**YOUR GOAL**: Skipping all pictures, print exactly the lines below from the one with "REIMA Fleece sweater, Liukuen" through the final line.

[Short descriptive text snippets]
#####
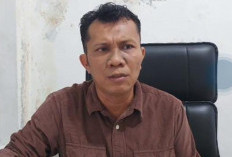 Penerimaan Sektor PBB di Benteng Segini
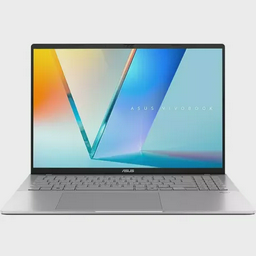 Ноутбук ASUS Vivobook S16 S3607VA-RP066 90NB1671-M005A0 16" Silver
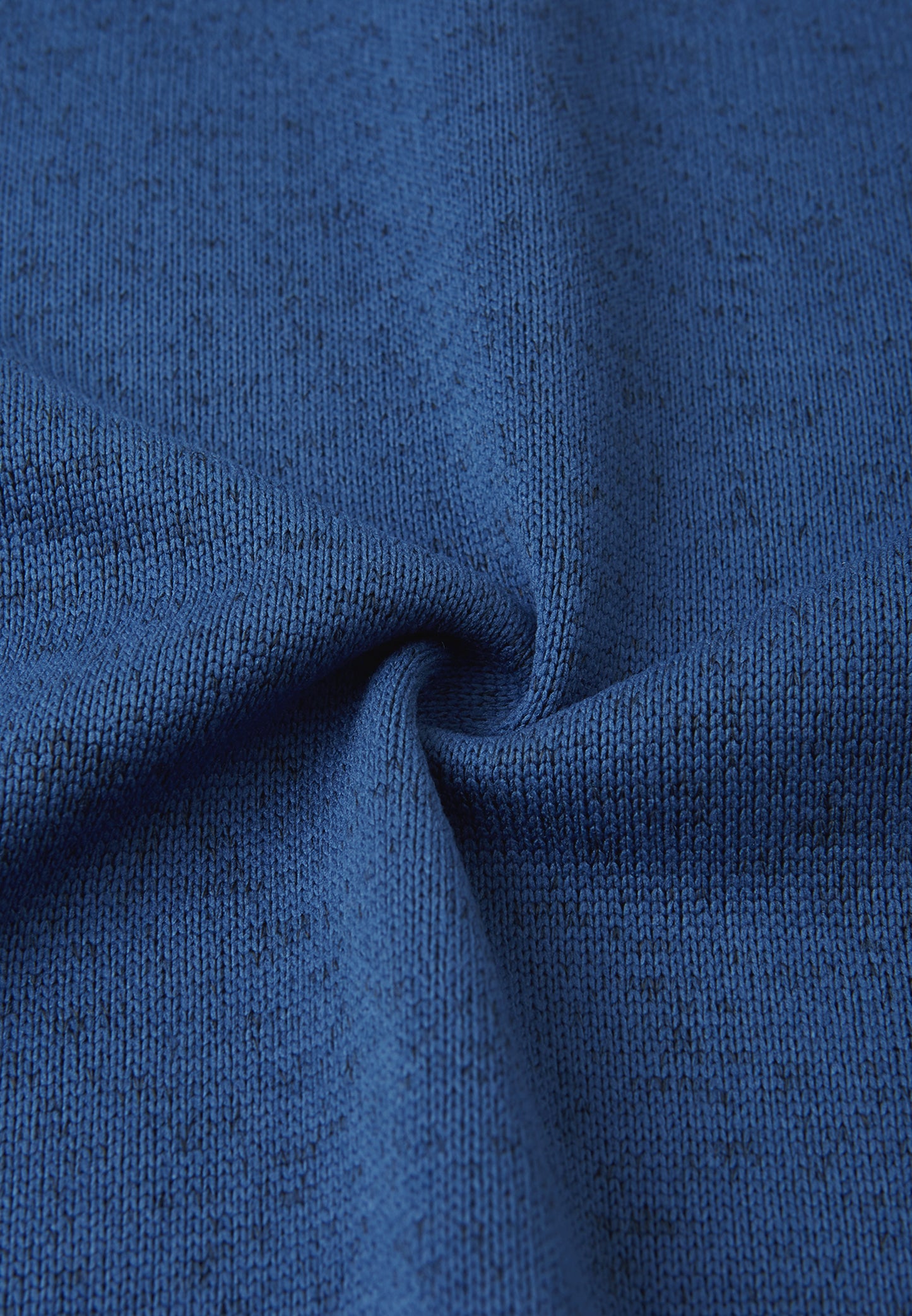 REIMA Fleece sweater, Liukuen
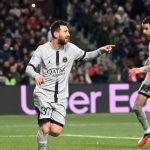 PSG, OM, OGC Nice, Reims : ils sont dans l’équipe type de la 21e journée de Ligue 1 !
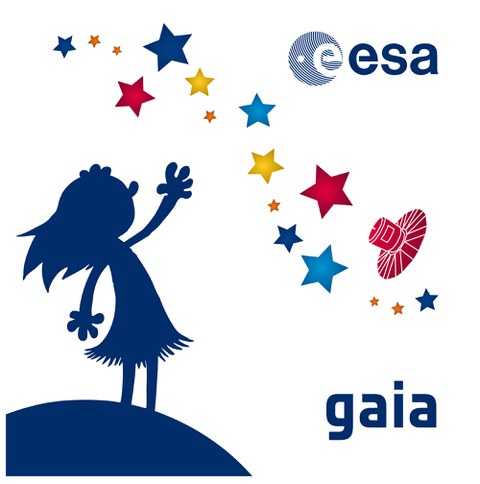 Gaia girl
#####
**ANSWER SPACE**:
 REIMA Fleece sweater, Liukuen
 PSG, OM, OGC Nice, Reims : ils sont dans l’équipe type de la 21e journée de Ligue 1 !
 Gaia girl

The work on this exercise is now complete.